* _Exercise_:
Repeat each record exactly, skipping the pictures.

* _Data extracts_:
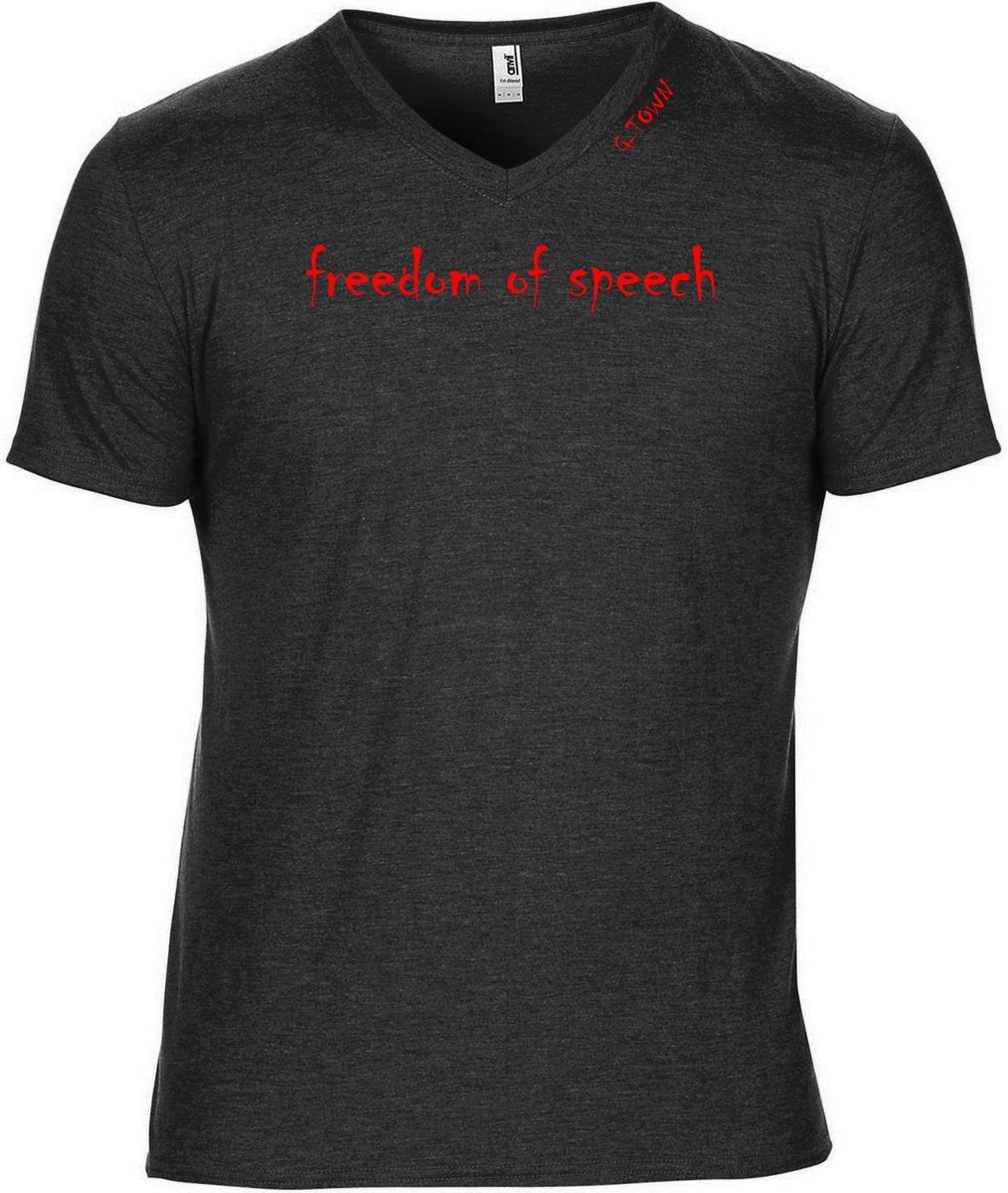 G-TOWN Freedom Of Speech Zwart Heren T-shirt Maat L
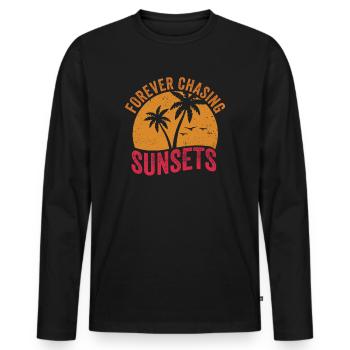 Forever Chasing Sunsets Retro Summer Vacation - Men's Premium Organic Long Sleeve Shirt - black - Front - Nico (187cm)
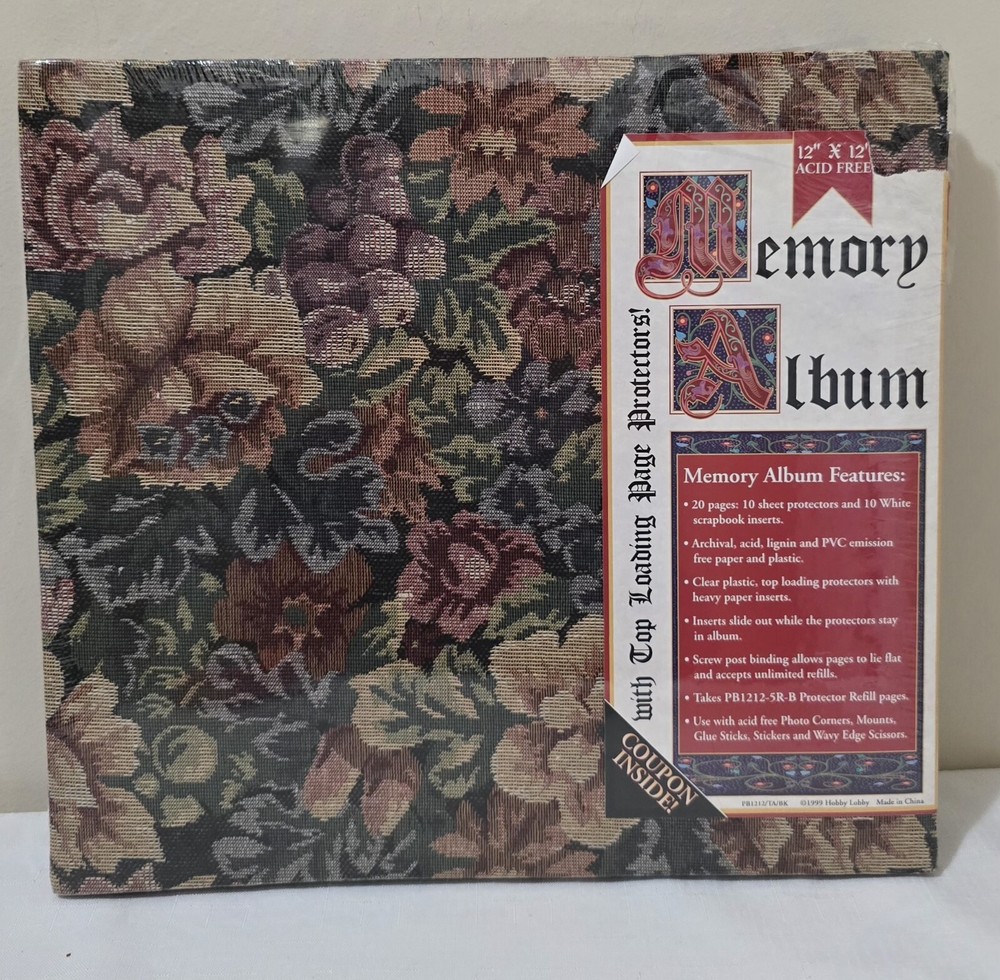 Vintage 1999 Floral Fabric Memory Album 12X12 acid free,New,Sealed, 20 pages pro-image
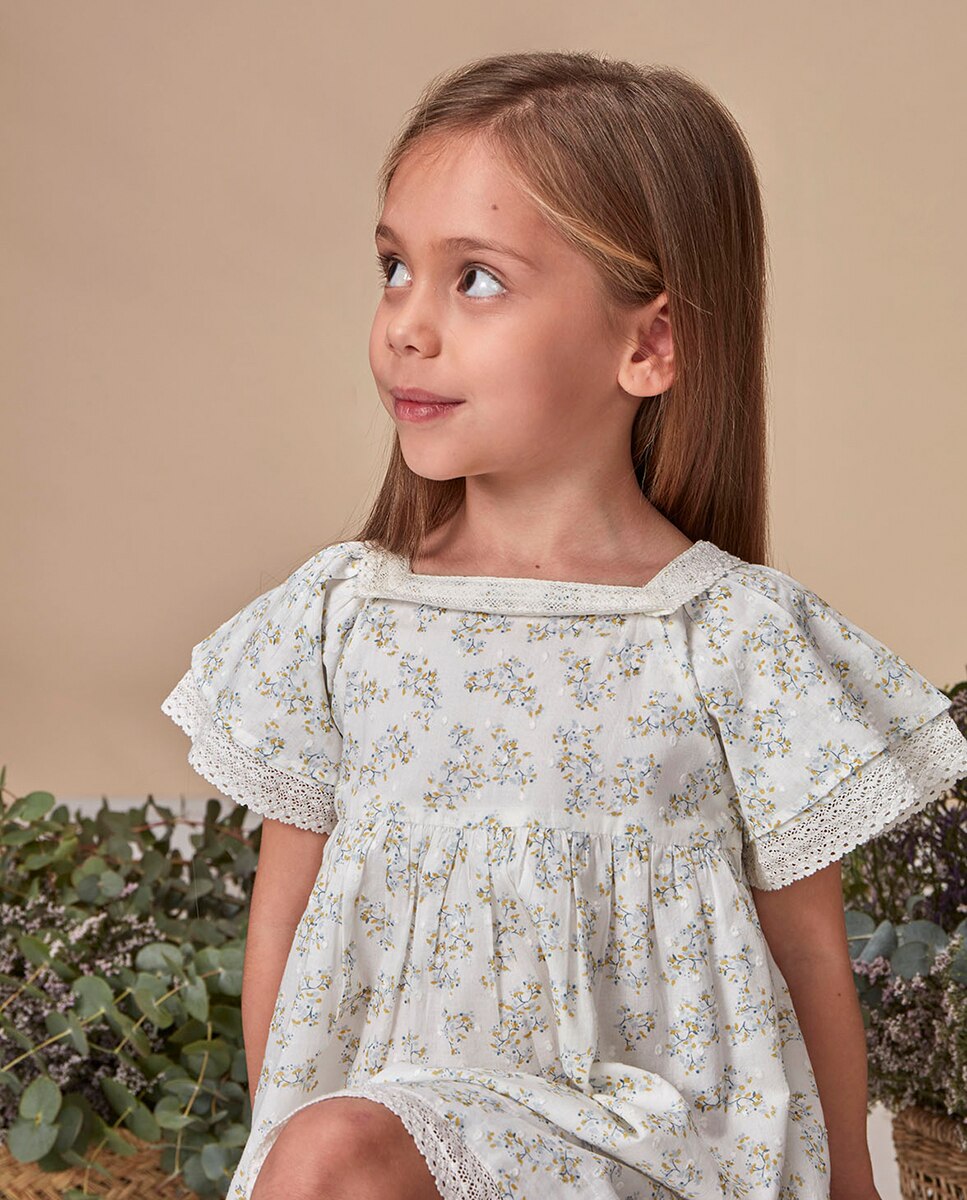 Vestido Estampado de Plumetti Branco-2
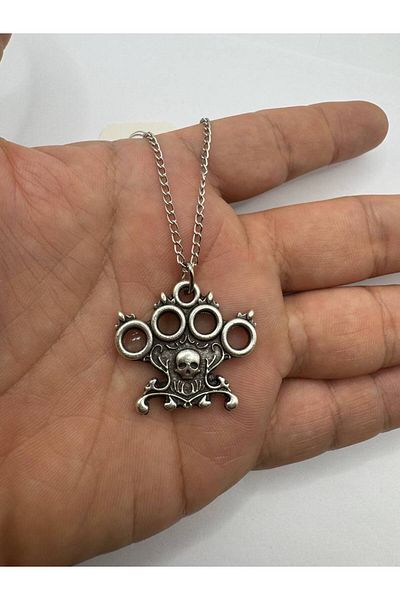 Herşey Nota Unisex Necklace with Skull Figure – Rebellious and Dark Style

* _Solution for this problem_:
 G-TOWN Freedom Of Speech Zwart Heren T-shirt Maat L
 Forever Chasing Sunsets Retro Summer Vacation - Men's Premium Organic Long Sleeve Shirt - black - Front - Nico (187cm)
 Vintage 1999 Floral Fabric Memory Album 12X12 acid free,New,Sealed, 20 pages pro-image
 Vestido Estampado de Plumetti Branco-2
 Herşey Nota Unisex Necklace with Skull Figure – Rebellious and Dark Style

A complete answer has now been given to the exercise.